** Opening Extracted data block **

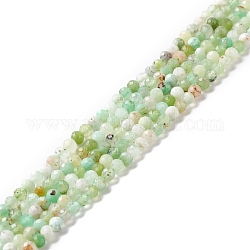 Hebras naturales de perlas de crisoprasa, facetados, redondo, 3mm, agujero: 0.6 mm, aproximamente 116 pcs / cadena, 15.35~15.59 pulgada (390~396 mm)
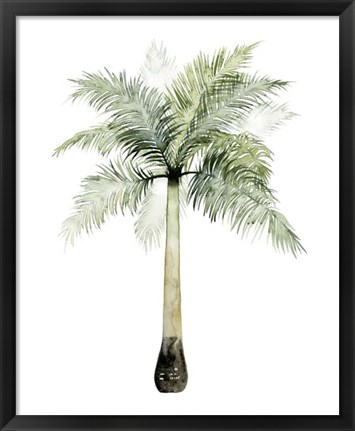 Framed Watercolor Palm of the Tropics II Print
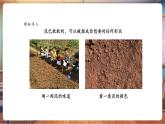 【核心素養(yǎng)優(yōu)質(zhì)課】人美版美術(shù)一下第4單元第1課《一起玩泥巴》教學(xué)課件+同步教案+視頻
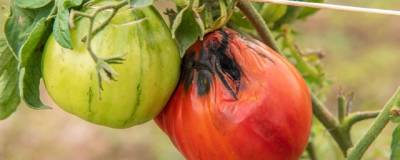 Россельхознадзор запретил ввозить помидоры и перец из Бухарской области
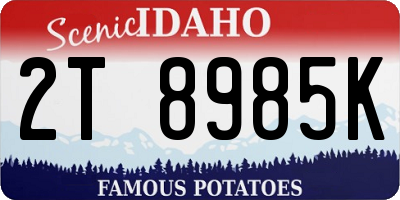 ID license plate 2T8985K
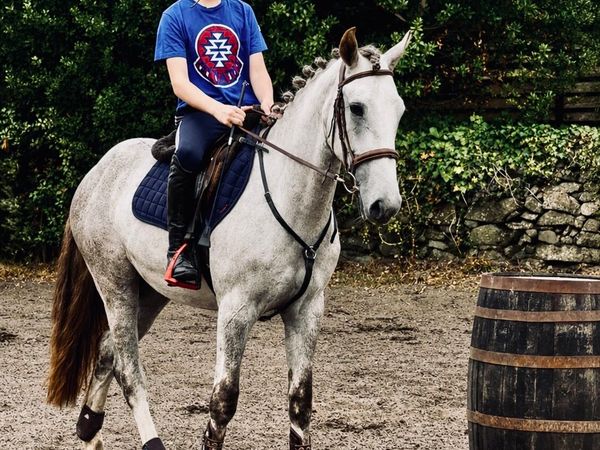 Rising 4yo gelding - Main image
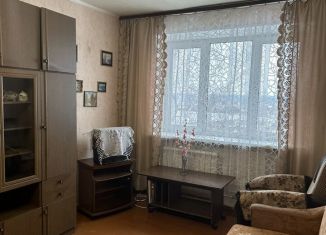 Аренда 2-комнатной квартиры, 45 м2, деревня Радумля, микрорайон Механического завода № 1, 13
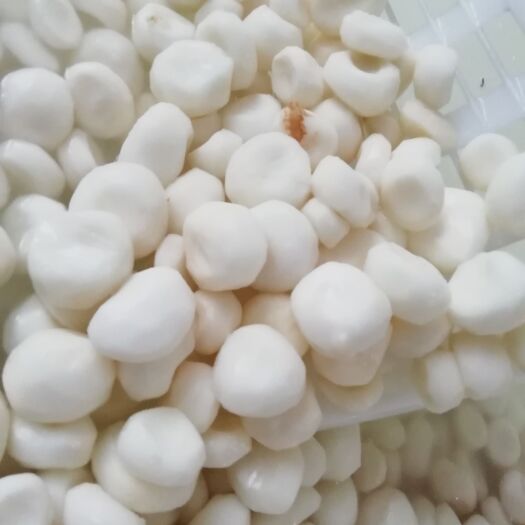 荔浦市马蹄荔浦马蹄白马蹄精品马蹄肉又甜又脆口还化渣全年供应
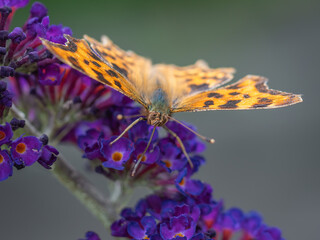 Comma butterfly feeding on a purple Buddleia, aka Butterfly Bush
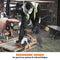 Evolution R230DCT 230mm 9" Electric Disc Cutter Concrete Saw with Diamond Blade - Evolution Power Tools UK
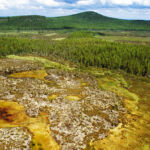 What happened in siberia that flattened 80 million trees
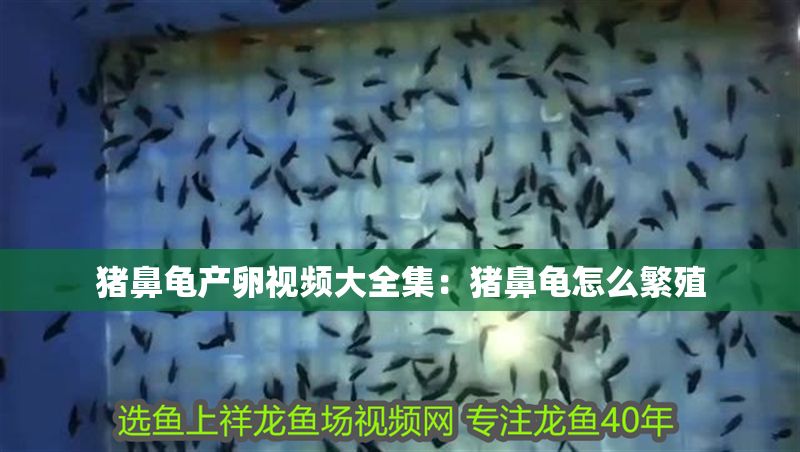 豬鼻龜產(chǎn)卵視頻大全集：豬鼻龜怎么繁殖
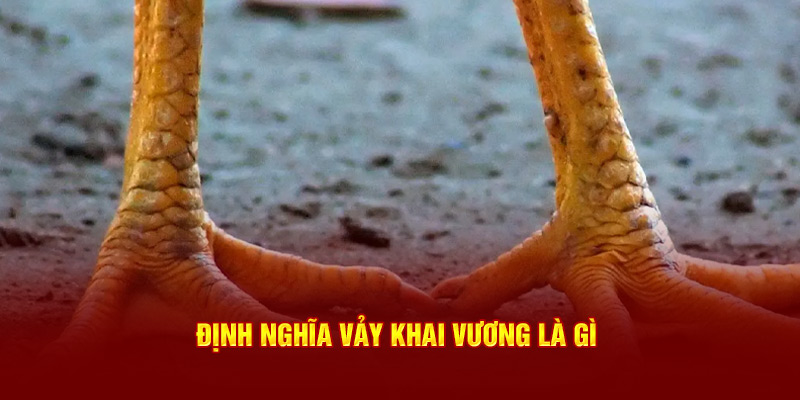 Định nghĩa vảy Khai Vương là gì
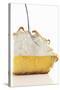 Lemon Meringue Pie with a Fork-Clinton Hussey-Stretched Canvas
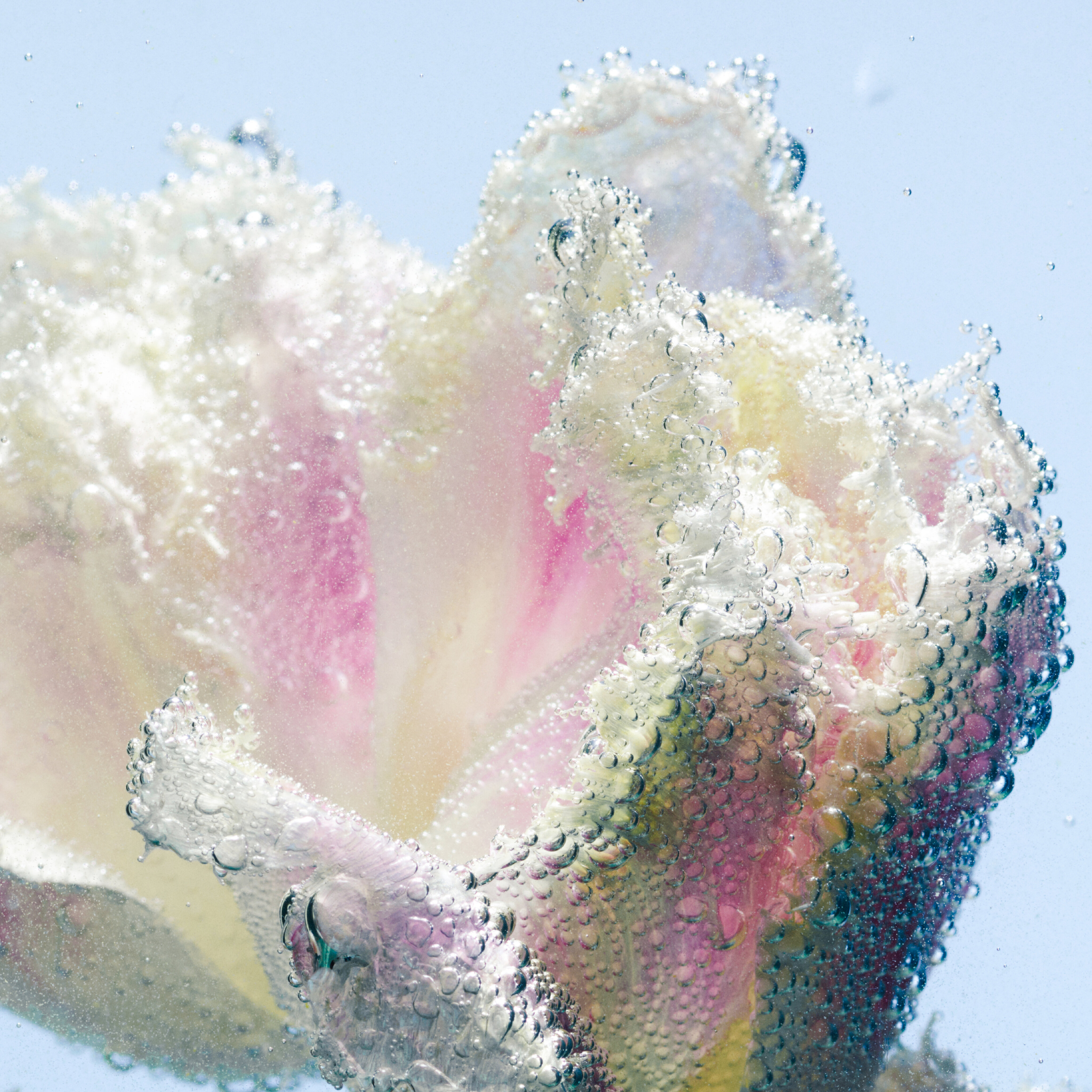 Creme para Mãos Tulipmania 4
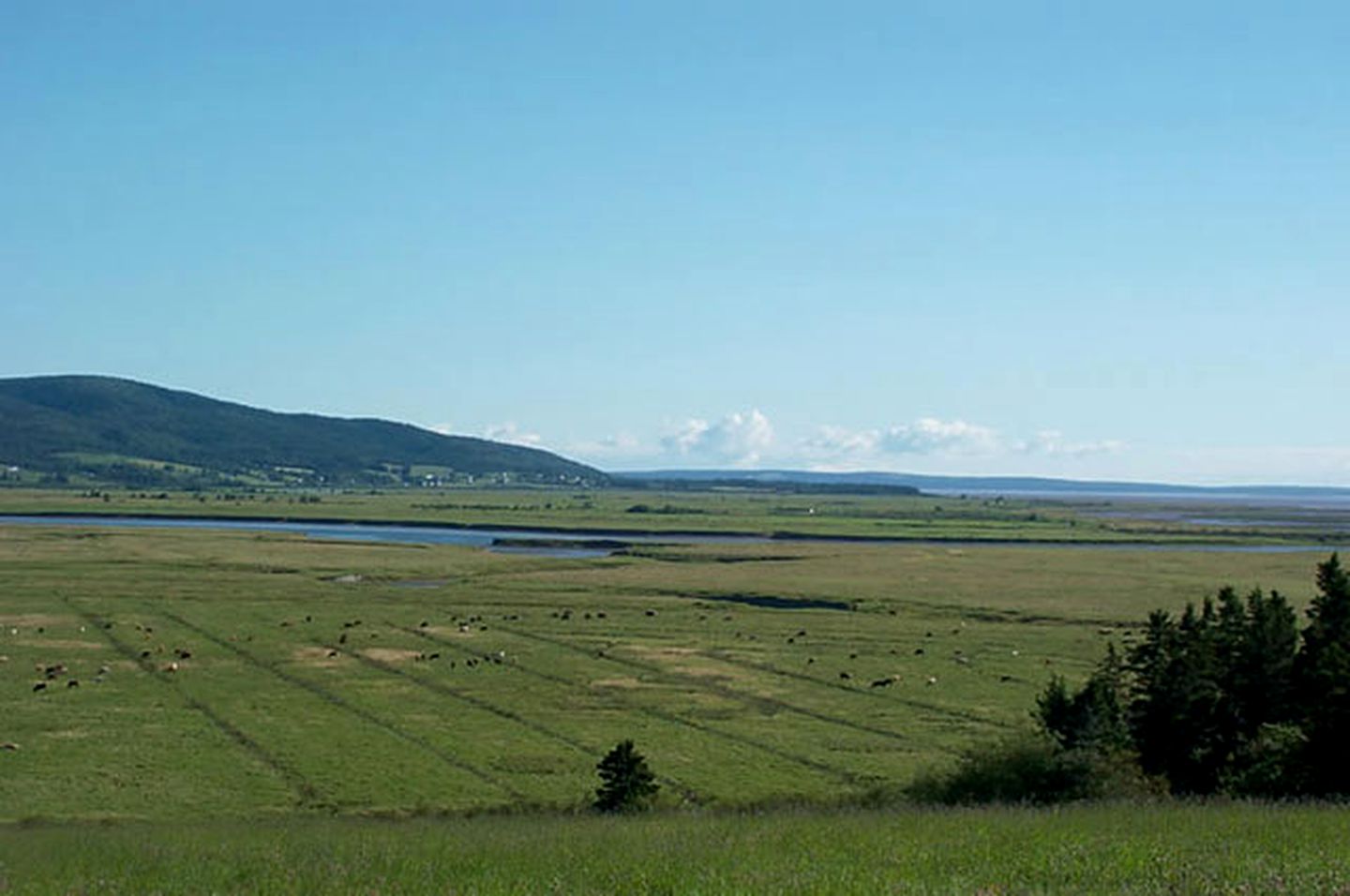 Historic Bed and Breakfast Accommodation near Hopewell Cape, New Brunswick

** Closing Extracted data block **

■ Problem description ■
Reproduce the listing exactly, but keep its images out of the copy.

■ Solution to this problem ■
 Hebras naturales de perlas de crisoprasa, facetados, redondo, 3mm, agujero: 0.6 mm, aproximamente 116 pcs / cadena, 15.35~15.59 pulgada (390~396 mm)
 Framed Watercolor Palm of the Tropics II Print
 【核心素養(yǎng)優(yōu)質(zhì)課】人美版美術(shù)一下第4單元第1課《一起玩泥巴》教學(xué)課件+同步教案+視頻
 Россельхознадзор запретил ввозить помидоры и перец из Бухарской области
 ID license plate 2T8985K
 Rising 4yo gelding - Main image
 Аренда 2-комнатной квартиры, 45 м2, деревня Радумля, микрорайон Механического завода № 1, 13
 荔浦市马蹄荔浦马蹄白马蹄精品马蹄肉又甜又脆口还化渣全年供应
 Comma butterfly feeding on a purple Buddleia, aka Butterfly Bush
 Evolution R230DCT 230mm 9" Electric Disc Cutter Concrete Saw with Diamond Blade - Evolution Power Tools UK
 What happened in siberia that flattened 80 million trees
 豬鼻龜產(chǎn)卵視頻大全集：豬鼻龜怎么繁殖
 Định nghĩa vảy Khai Vương là gì
 Lemon Meringue Pie with a Fork-Clinton Hussey-Stretched Canvas
 Creme para Mãos Tulipmania 4
 Historic Bed and Breakfast Accommodation near Hopewell Cape, New Brunswick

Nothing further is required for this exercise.